* _YOUR ASSIGNMENT_:
Extract exactly the lines from the top of the records through the line containing "حضور رسانه&zwnj;ها در", and keep pictures out of the copy.

── RECORDS FOR THIS EXERCISE ──

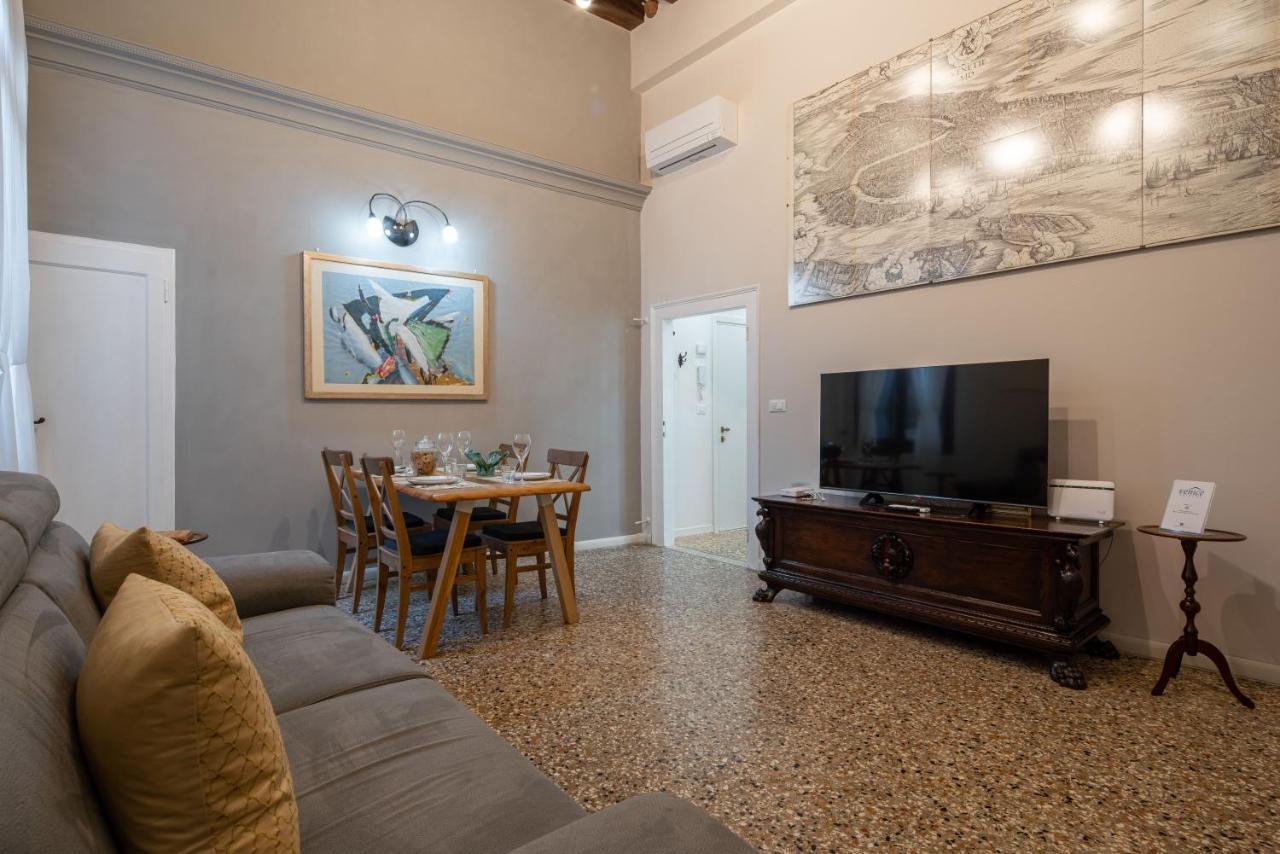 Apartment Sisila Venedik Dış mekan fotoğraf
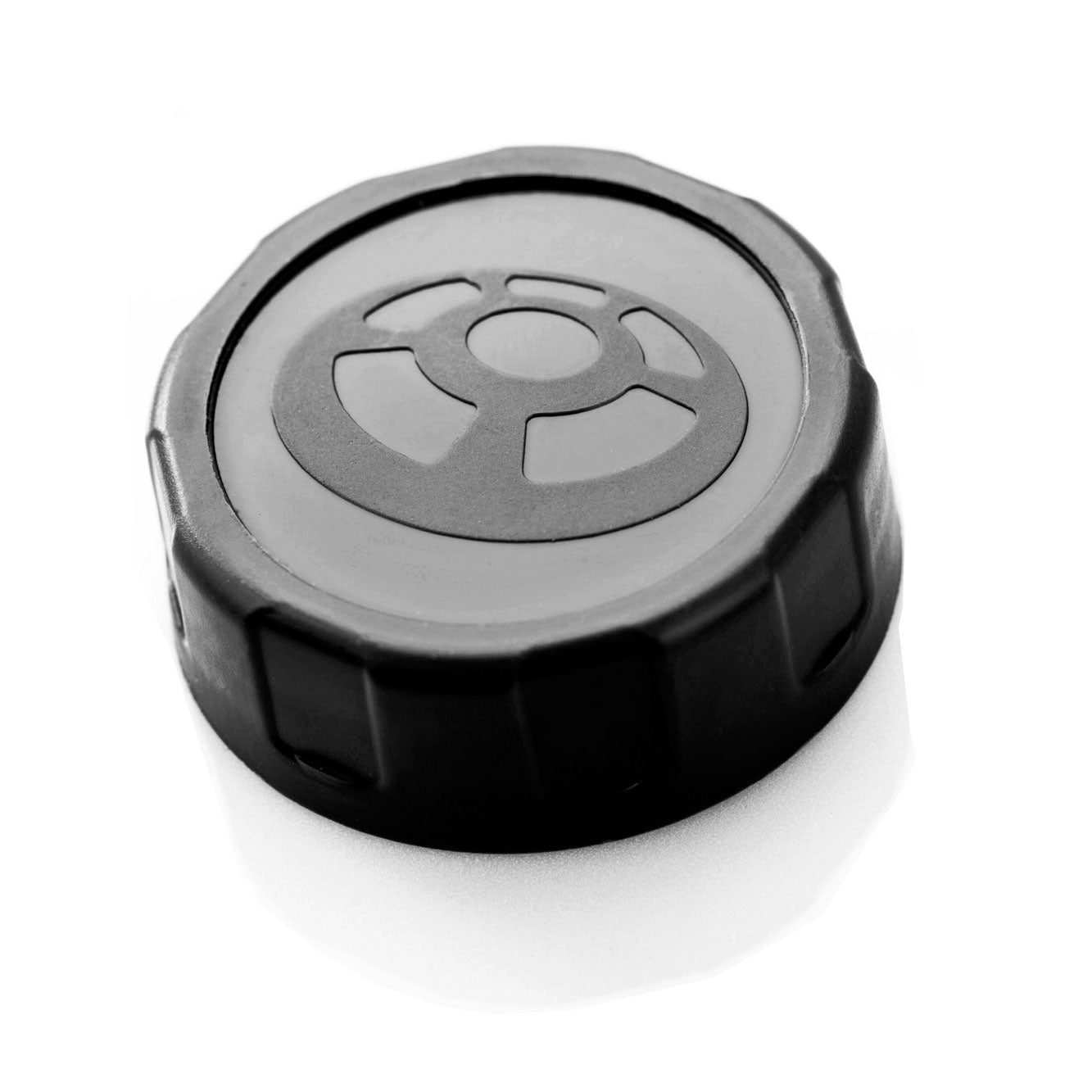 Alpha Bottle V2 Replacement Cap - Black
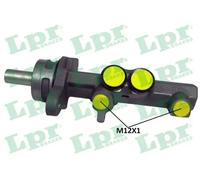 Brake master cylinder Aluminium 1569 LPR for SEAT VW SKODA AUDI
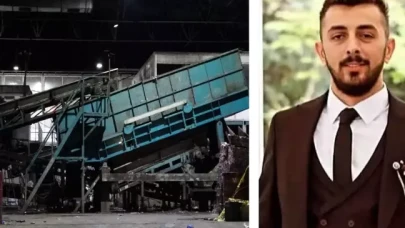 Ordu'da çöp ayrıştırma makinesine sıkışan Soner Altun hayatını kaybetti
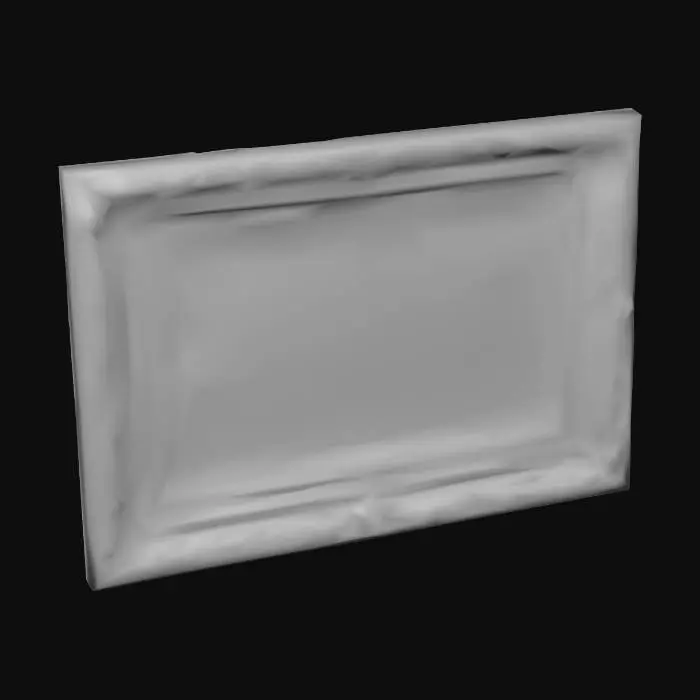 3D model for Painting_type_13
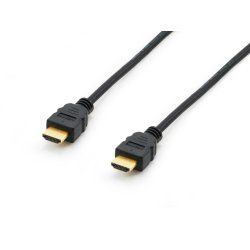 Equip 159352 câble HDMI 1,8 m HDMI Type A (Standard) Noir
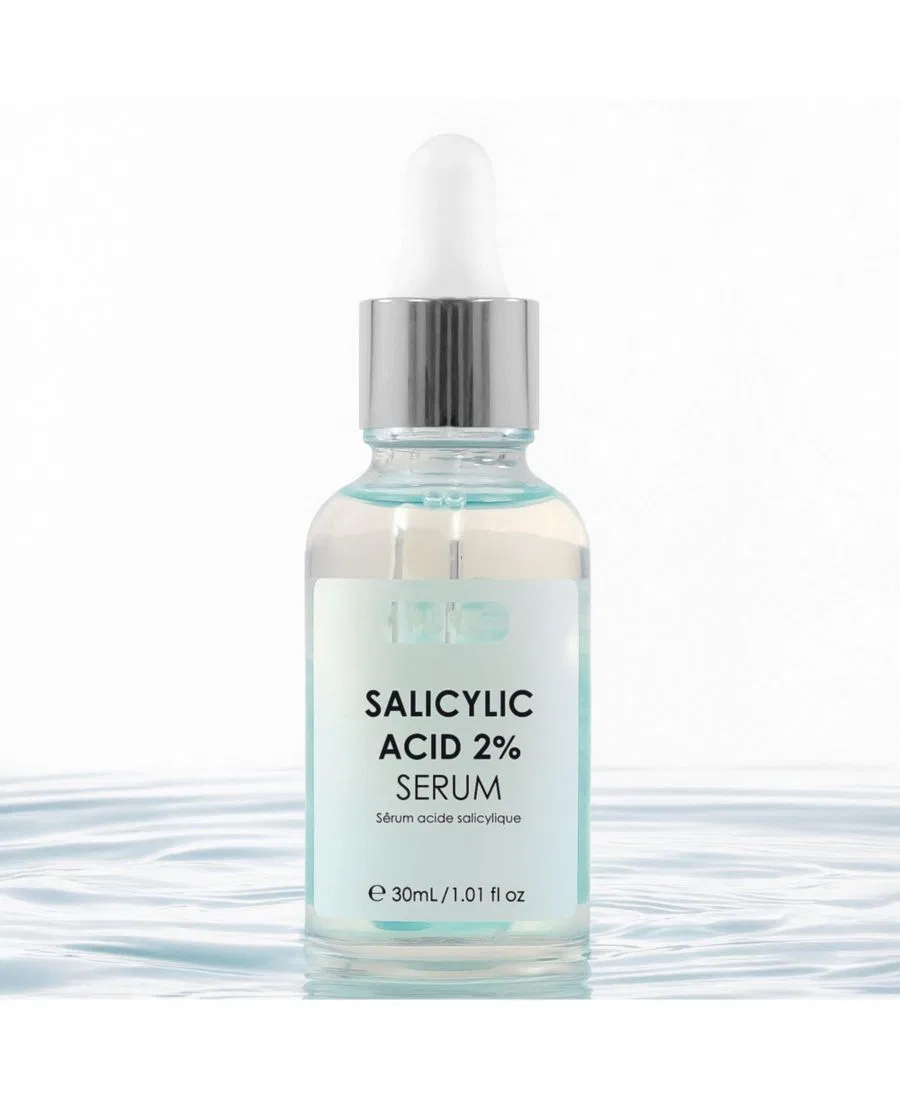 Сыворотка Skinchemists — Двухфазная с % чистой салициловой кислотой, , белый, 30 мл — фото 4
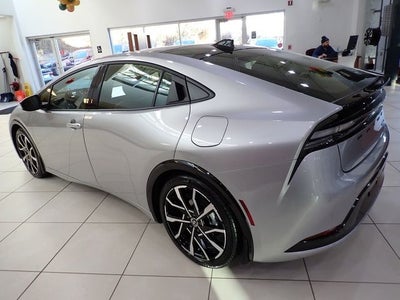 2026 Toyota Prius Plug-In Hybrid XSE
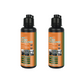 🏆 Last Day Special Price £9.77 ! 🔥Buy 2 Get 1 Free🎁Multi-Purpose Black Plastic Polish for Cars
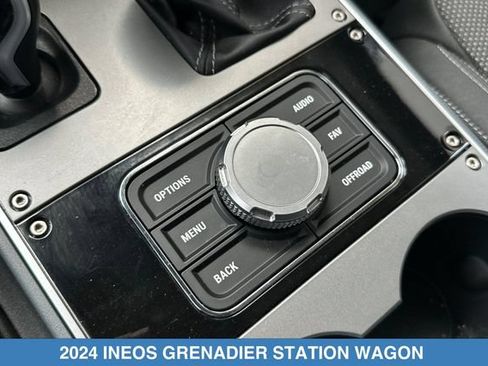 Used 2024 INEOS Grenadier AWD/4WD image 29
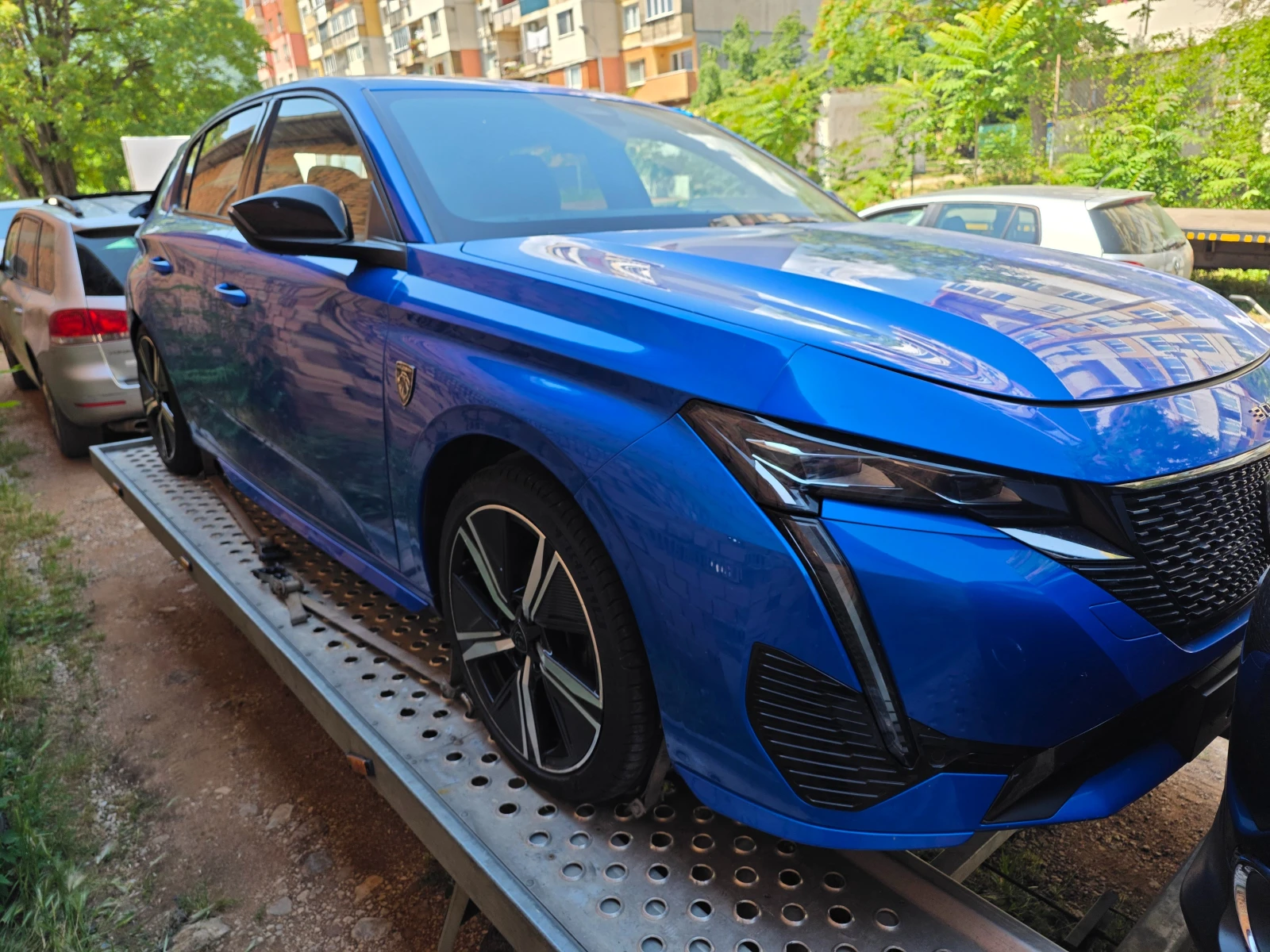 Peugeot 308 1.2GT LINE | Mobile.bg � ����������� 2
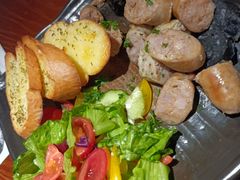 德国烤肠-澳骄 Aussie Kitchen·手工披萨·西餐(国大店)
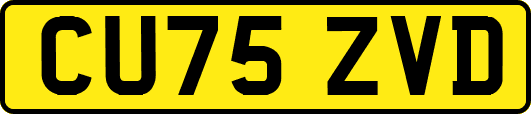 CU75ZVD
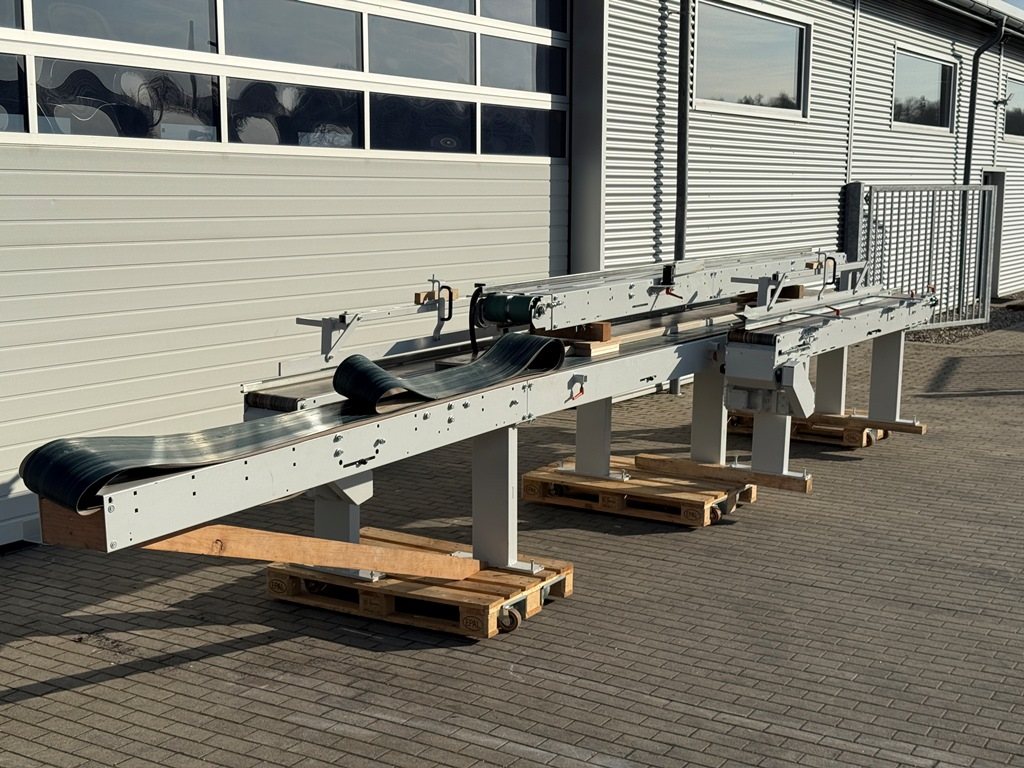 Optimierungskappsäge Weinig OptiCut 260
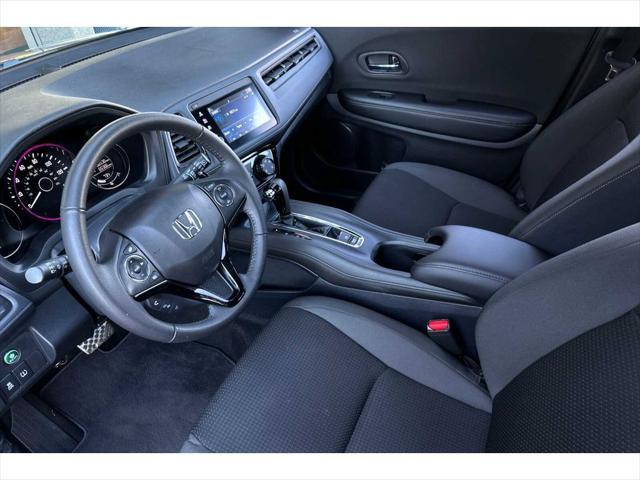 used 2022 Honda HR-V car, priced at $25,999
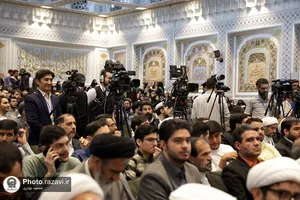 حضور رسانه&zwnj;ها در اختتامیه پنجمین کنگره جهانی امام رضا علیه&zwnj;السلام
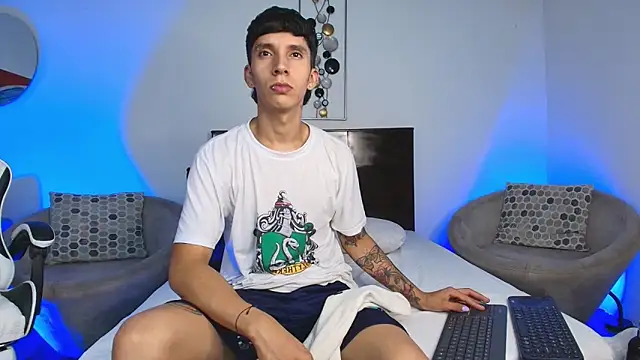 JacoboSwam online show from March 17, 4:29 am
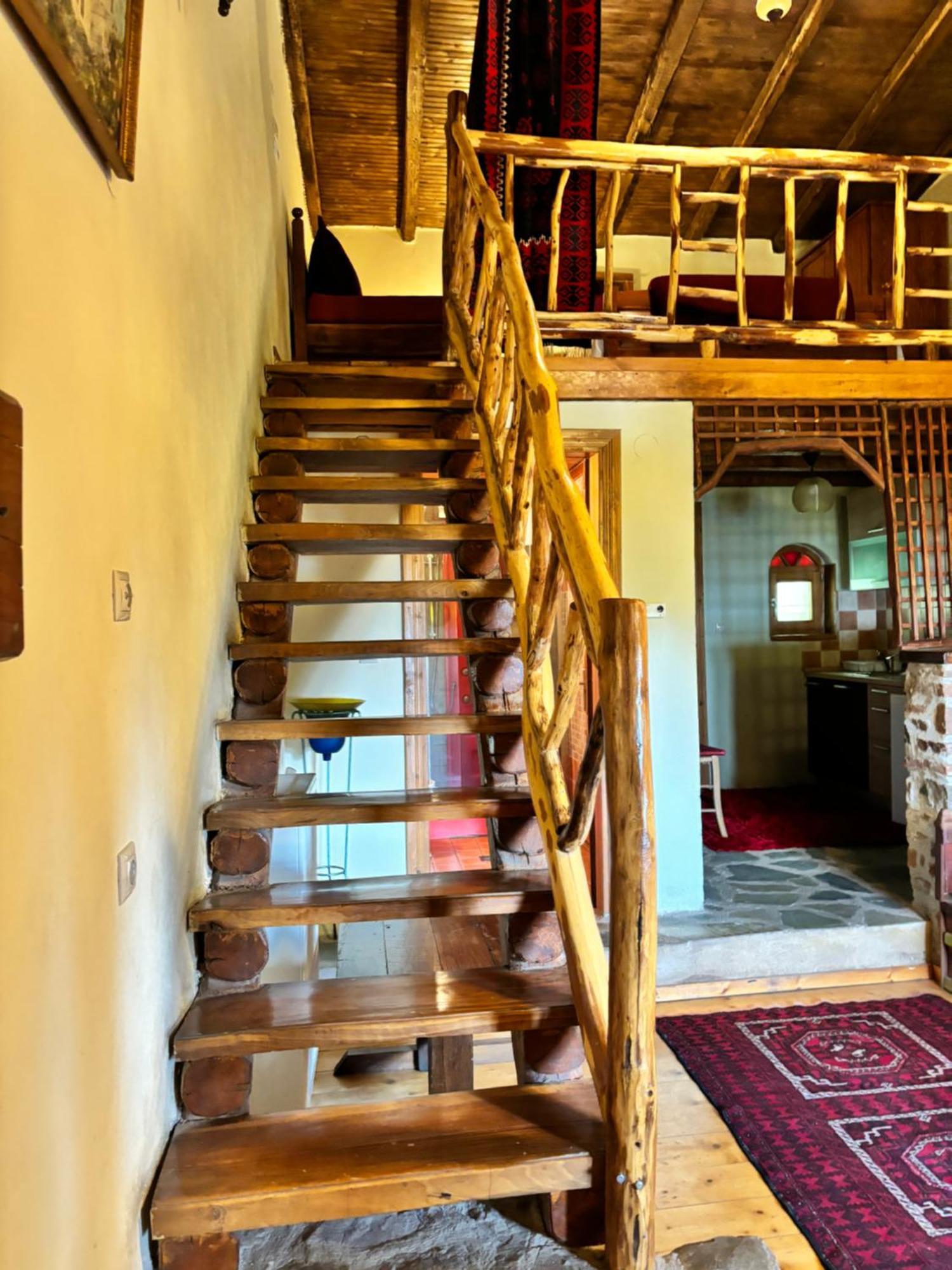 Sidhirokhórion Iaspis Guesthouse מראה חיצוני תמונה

───

* _OUTPUT OF THE TASK_:
 Apartment Sisila Venedik Dış mekan fotoğraf
 Alpha Bottle V2 Replacement Cap - Black
 Brake master cylinder Aluminium 1569 LPR for SEAT VW SKODA AUDI
 Ordu'da çöp ayrıştırma makinesine sıkışan Soner Altun hayatını kaybetti
 3D model for Painting_type_13
 Equip 159352 câble HDMI 1,8 m HDMI Type A (Standard) Noir
 Сыворотка Skinchemists — Двухфазная с % чистой салициловой кислотой, , белый, 30 мл — фото 4
 2026 Toyota Prius Plug-In Hybrid XSE
 🏆 Last Day Special Price £9.77 ! 🔥Buy 2 Get 1 Free🎁Multi-Purpose Black Plastic Polish for Cars
 Used 2024 INEOS Grenadier AWD/4WD image 29
 Peugeot 308 1.2GT LINE | Mobile.bg � ����������� 2
 德国烤肠-澳骄 Aussie Kitchen·手工披萨·西餐(国大店)
 CU75ZVD
 Optimierungskappsäge Weinig OptiCut 260
 used 2022 Honda HR-V car, priced at $25,999
 حضور رسانه&zwnj;ها در اختتامیه پنجمین کنگره جهانی امام رضا علیه&zwnj;السلام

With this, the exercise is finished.